For many families, the end of the school year can mean heading to the water, hopping on a bike, or playing at a nearby playground. While you’re enjoying these summer activities, there are some things you can do to keep you and your family safe. 

Swim safety 

King County is home to great summer swimming options. Unfortunately, preventable drownings and other tragic situations happen every year. Last year, 29 people in King County died by drowning, including 16 deaths in open water. Keep you and your family safe while enjoying the water: 

  • Wear a life jacket when swimming if there are no lifeguards. Always wear life jackets while boating, tubing, or rafting. 
  • Ensure all family members know how to swim before going in the water. Watch children closely when they are in or near water. 
  • Be aware of dangerous river conditions. All summer, King County rivers will have cold, fast flows. Some shallow areas may have warm water, but moving or deep water will be very cold.

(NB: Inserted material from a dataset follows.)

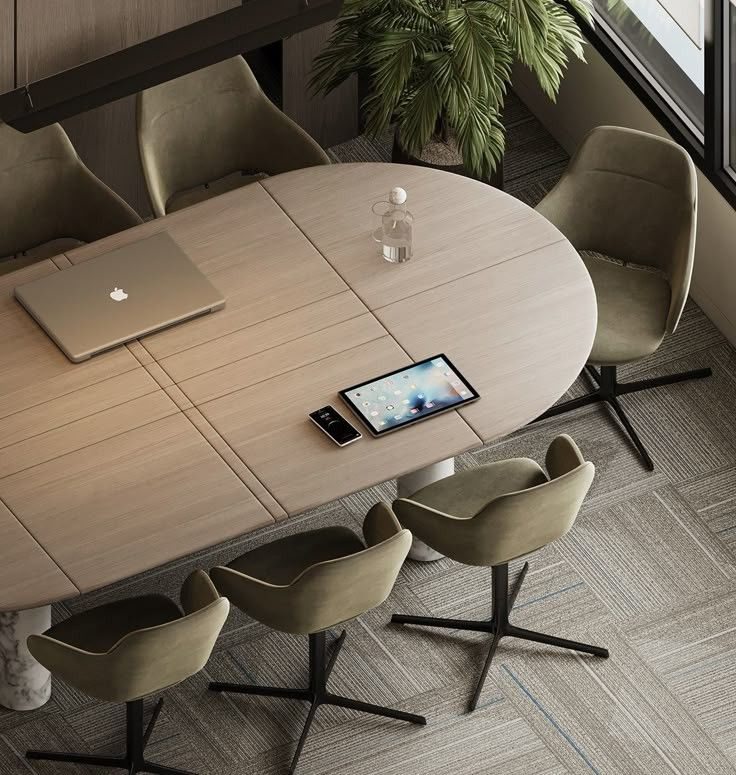 Table de réunion ovale entourée de fauteuils vert olive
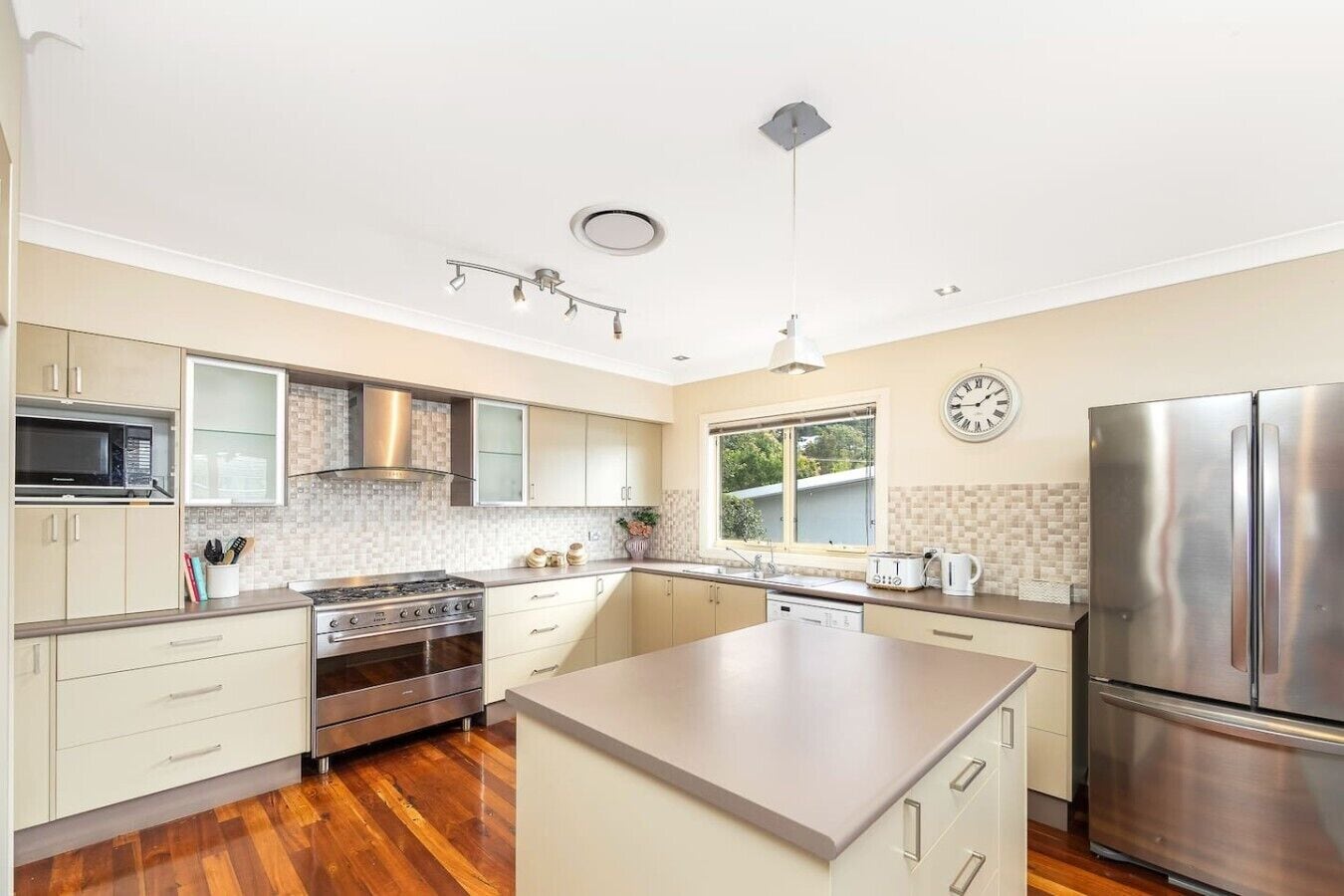 A modern kitchen with a central island, stainless steel appliances, and a large window providing natural light.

Very cold water can cause your body to go into shock – even if you’re a strong swimmer.   
  • When boating or floating, always tell someone your route and where you expect to put in and take out.  
  • For more safety tips, a list of lifeguarded public beaches and pools, and where to find free or low-cost life jackets, visit kingcounty.gov/vip/water (this webpage is in English only). 

Bicycle safety 

Thankfully, there have been no child deaths from bike riding in King County in nearly 20 years. Still, young riders are at risk for serious injuries. These tips can keep you and your kids safe: 

  • Make sure kids wear a well-fitted helmet every time they ride. 
  • Dress kids appropriately – shoelaces and loose clothing can get caught in chains or wheel spokes. 
  • Before every ride, be sure the tires are pumped to the correct pressure. Check that the brakes and chain are working properly too. 
  • Kids under age 10 are safest riding on sidewalks when possible and always with adult supervision.  
  • Teach kids to make eye contact with drivers so they know drivers are paying attention and will stop before they cross the street. 
  • Teach kids to ride on the right side of the road with traffic and use the correct hand signals.   
  • For more safety tips and where to find free or low-cost helmets, visit our Bicycle Safety webpage (translated resources available).  

Playground safety   

Playgrounds can be a great place to spend the summer. Like any physical activity, there’s a risk of injury. The answer isn’t to remove all risks and avoid playgrounds, but to be aware of the major hazards.  

The top cause of playground injuries is falling. Last year, Seattle-King County EMS reported there were 51 playground-related injuries associated with falling (40% of all playground-related injuries). So, keep an eye on your kids, especially when they’re on elevated platforms with a risk of falling. Redirect them if they misuse equipment or climb on areas not meant for climbing.  

Playground deaths are rare but devastating. The top cause is getting tangled with the equipment. Before heading to the playground, remove necklaces and drawstrings. Additionally, avoid attaching ropes, clotheslines, or pet leashes to playground equipment. Ensure children remove their bike helmets before playing on the playground because the bike helmets can trap kids’ heads on equipment.  

Safety guidelines aren’t kids’ priorities when they’re out to play. While injuries happen, watching can help prevent serious accidents. If you see broken equipment or unsafe conditions, please immediately report them to the playground operator.  

After a long school year, summer is an exciting time for children and families. We hope you enjoy a happy and safe break!